Mr. Nice Guy

The happiest people don't necessarily have the best of everything. They just make the best of everything.
People don't keep journals for themselves. They keep them for other people, like a secret they don't want to tell, but want everyone to know.

Wednesday, June 09, 2004

College Dropout?

It seems to look that way. School seems to be pointless to me and every day that passes...I feel less and less inspired to go. School is now over at Fullerton. It has been for about a week or two, but school ended a lot sooner for me than it did for anyone else. I stopped going since Spring Break. Well I would wake up and get ready for school. Reach school and not show up to class. I would just go to the library and fall asleep or use the computer if I wasn't that tired. And to stop kidding myself and waking up to get ready to go to a school that I didn't even attend my classes I just stopped going like 3 weeks before the semester was over. So close yet so far. All right, now wipe away the shocked look on your face. School is just so boring and bullshit. And what really sucks about it, is that the things I want to do require a freaking degree. I know most of you who know me will blame my failure in school due to work. I work too much and too late to do well in school, and maybe that is the case, but I know really well that if I wanted to, I could handle work and school. If I wanted to be there I would choose to work less or at least the hours taht I need to get me a passing grade. This is more than just me working. It started even before the school year started. I was never inspired to go to school in the first place.

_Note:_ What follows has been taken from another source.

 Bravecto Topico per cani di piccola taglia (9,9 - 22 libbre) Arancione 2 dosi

College was a new and exciting part of my life. I mean what do you do after high school? After they call your name and you recieve that piece of paper that opens a new chapter in your life, what do you do? College right? Well for some people, yes. For me, I had no choice. It was college, and not just any college...a freaking 4-year school. I personally wanted to go to a JC and then rransfer...save me money and time, but since my two brothers didn't graduate/walk and then went to a JC, my parents wanted me to go to a 4-year institution. Lucky me. So Cal State Fullerton, here I go. And I did all right in my first semester. Second semester, due to some events that occurred in my life, led me to drop a lot of my classes. Third semester, I had nothing to do except school so that year I did exceptionally well. And now on my 4th year, I did not want to go back. I went, did my best to get a schedule I liked, but I just hated going to school there. Every time I was in a class I was counting down til that class was over and soon enough when I was able to go home. I don't know what I am doing there...except wasting money.

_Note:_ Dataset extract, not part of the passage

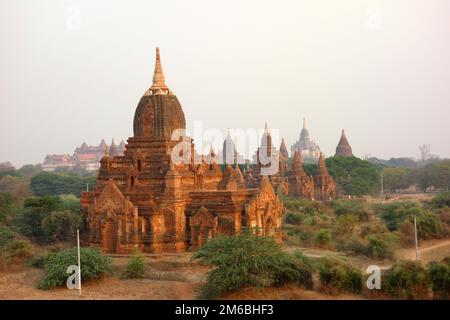 Templi e pagode e stupa di Bagan (Myanmar) Foto Stock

My problem is that I never decided to go to school for myself. It was always to please other people. I think it is because I never had time to think about it and figure out why I am choosing to go to school. Find a reason for myself rather than just to please friends(since they are going, I should too), parents and brothers. Two years at Fullerton and I still don't know what I am going to major in. I want to teach, but I don't know what subject. And that also means a degree. I know I will be a great U.S. History teacher, but I don't know...the school just seems pointless. And frankly, I don't know what else I want to do. I remember that I didn't like Math so I tried to find majors without anymore Math classes besides the required GE Math. Now I don't like school, so do I find something that doesn't involve school as well?

Before you feel like you have to lecture me about going back to school. I am going to attempt another semester at Fullerton. It is just too far. I think the only way for me to excell in school is to live closer to it so I can be involved in it. That would make things and school a lot better. Gotta move out....we'll see.